Y esto no por exigencias de estilo, sino de fe. La participación es una exigencia de la fe bautismal. Como afirma el apóstol Pablo, «todos nosotros fuimos bautizados en un mismo Espíritu para formar un solo cuerpo» (1 Co 12,13). En el cuerpo eclesial, el único punto de partida, y no puede ser otro, es el Bautismo, nuestro manantial de vida, del que deriva una idéntica dignidad de hijos de Dios, aun en la diferencia de ministerios y carismas. Por eso, todos estamos llamados a participar en la vida y misión de la Iglesia.
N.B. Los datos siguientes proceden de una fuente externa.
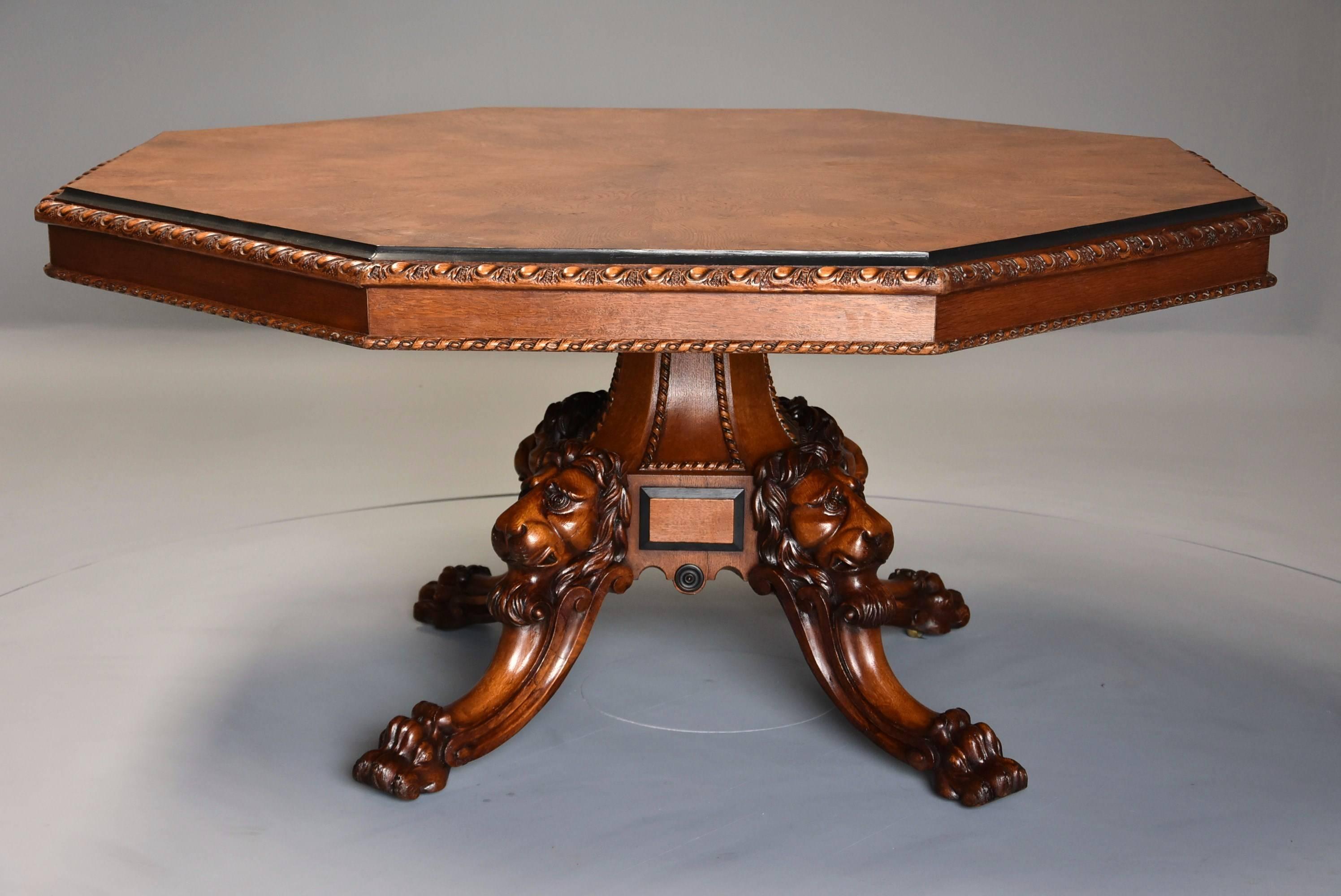 Mid-19th Century Irish Pollard Oak Octagonal Tilt-Top Centre Table In Good Condition In Suffolk, GB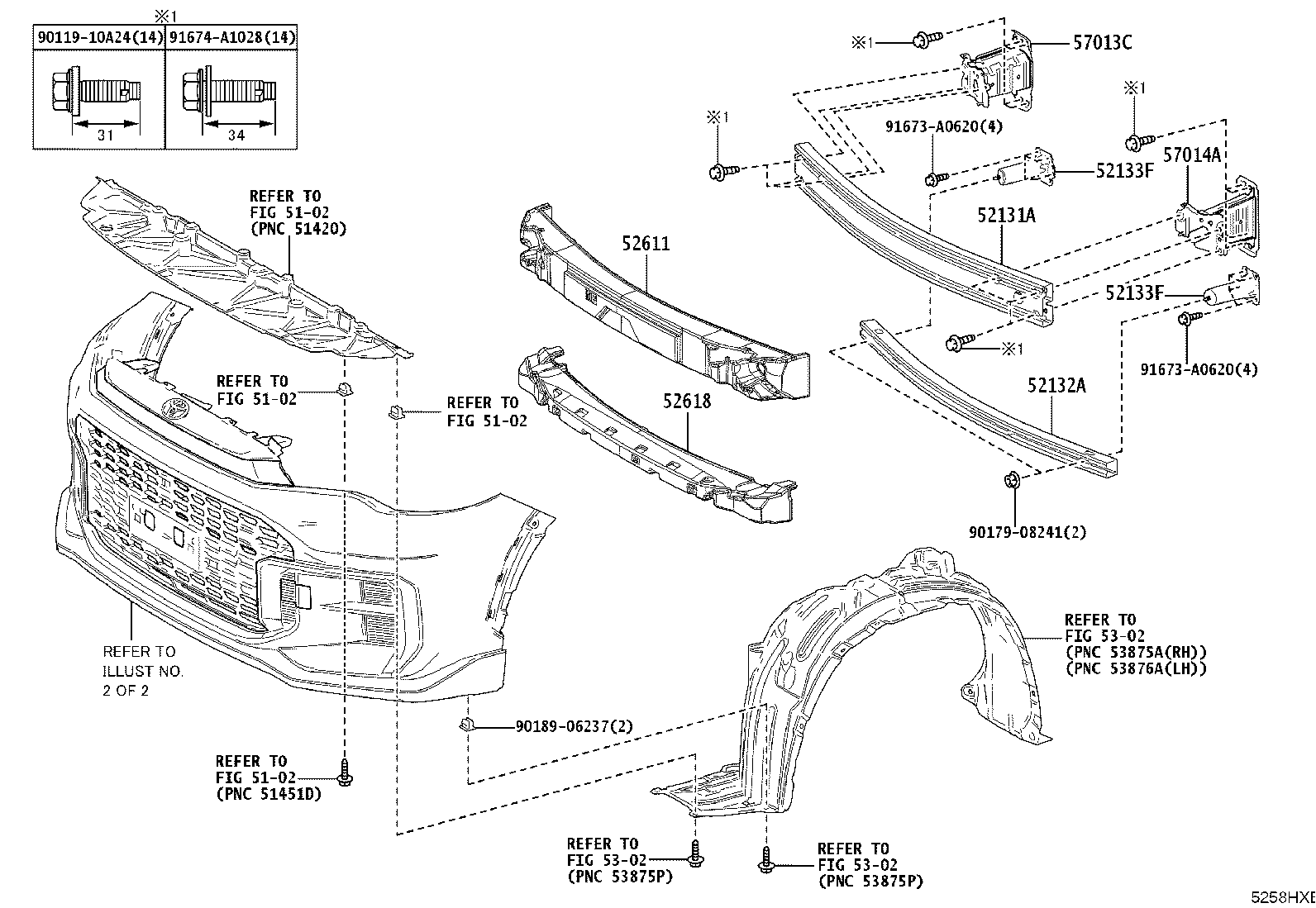 52127-16090 COVER, FRONT BUMPER HOLE, RH product image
Si falta una participación real de todo el Pueblo de Dios, los discursos sobre la comunión corren el riesgo de permanecer como intenciones piadosas. Hemos avanzado en este aspecto, pero todavía nos cuesta, y nos vemos obligados a constatar el malestar y el sufrimiento de numerosos agentes pastorales, de los organismos de participación de las diócesis y las parroquias, y de las mujeres, que a menudo siguen quedando al margen. ¡La participación de todos es un compromiso eclesial irrenunciable! Todos los bautizados, este es el carné de identidad: el Bautismo.